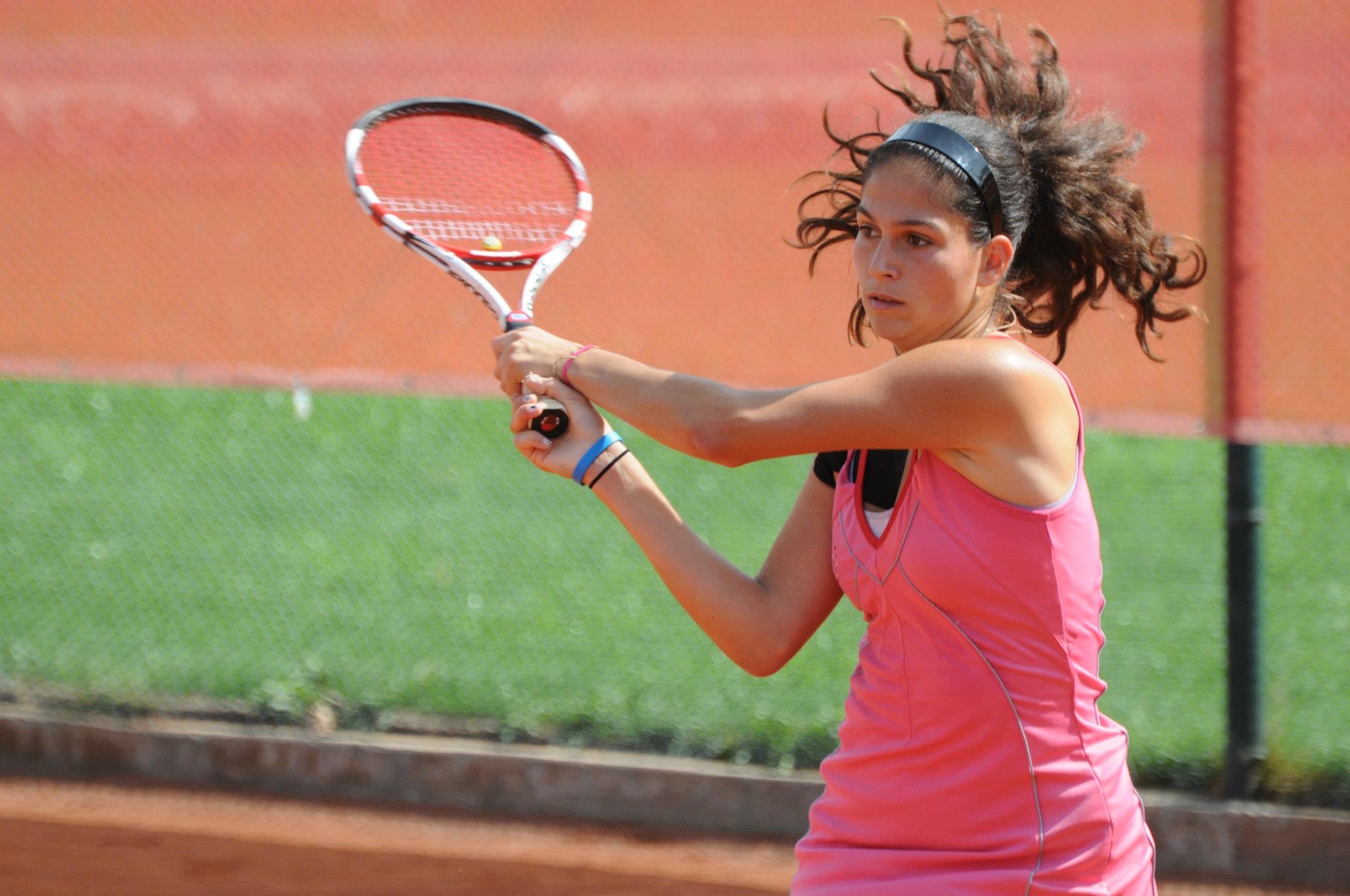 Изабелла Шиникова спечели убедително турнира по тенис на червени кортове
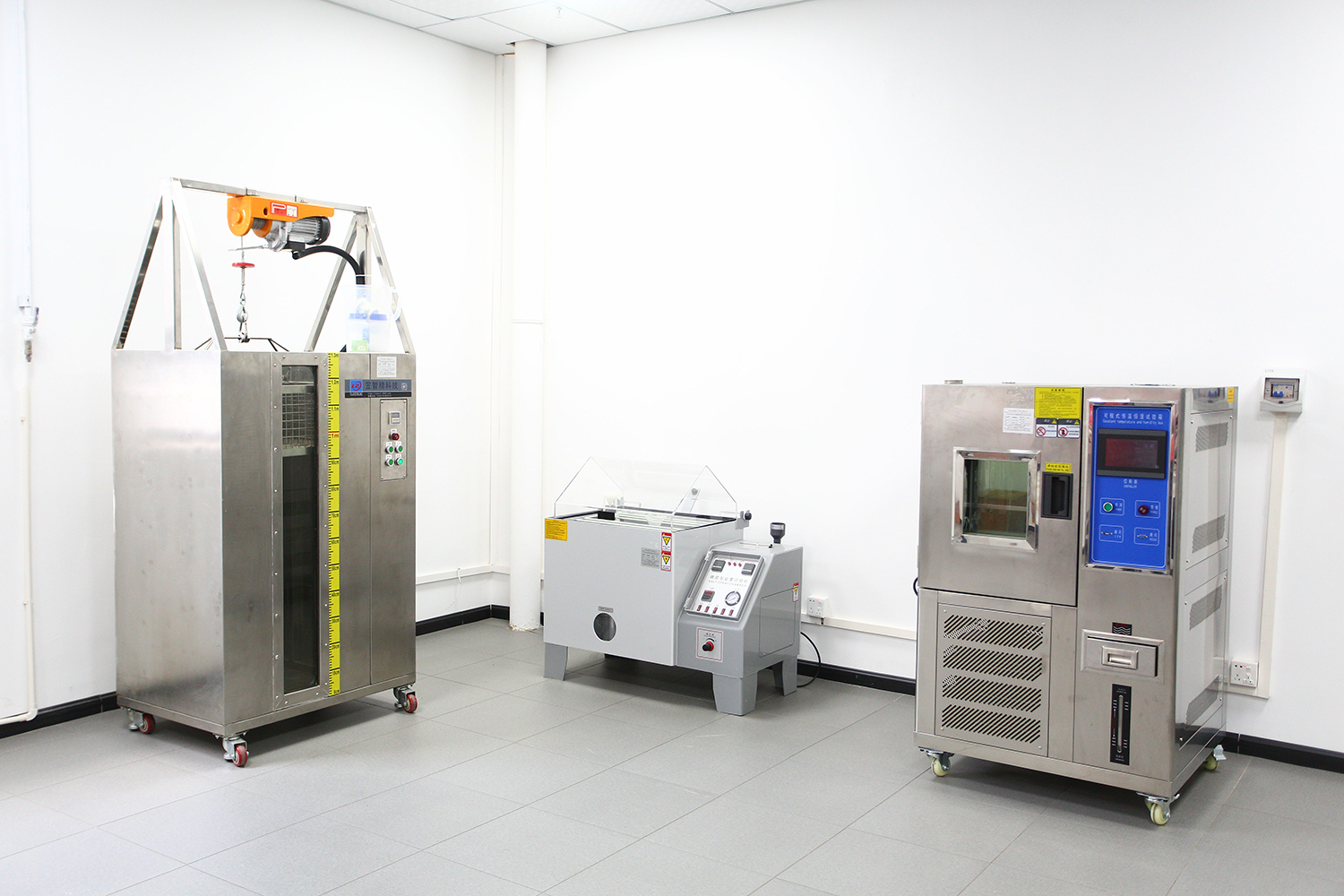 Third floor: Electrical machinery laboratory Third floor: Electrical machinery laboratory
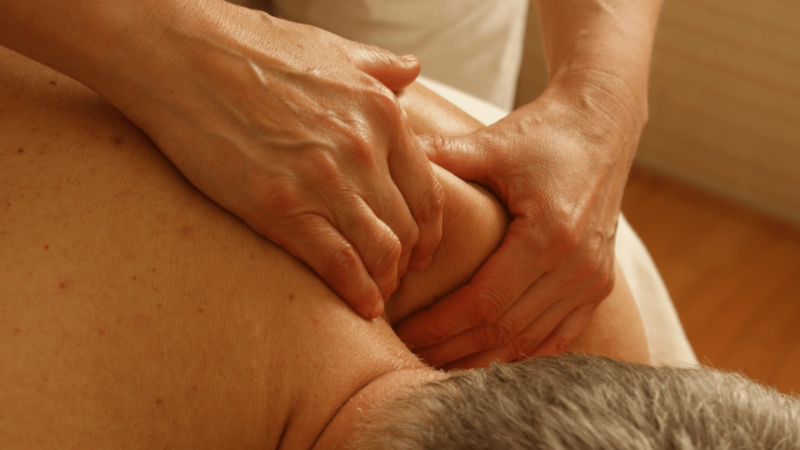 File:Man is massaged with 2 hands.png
....................
### REQUIREMENT
Copy exactly, please, the lines that run from the line holding "Third floor: Electrical machinery laboratory Third" through the closing line of the material above, omitting every picture.

### SOLUTION FOR THIS PROBLEM
 Third floor: Electrical machinery laboratory Third floor: Electrical machinery laboratory
 File:Man is massaged with 2 hands.png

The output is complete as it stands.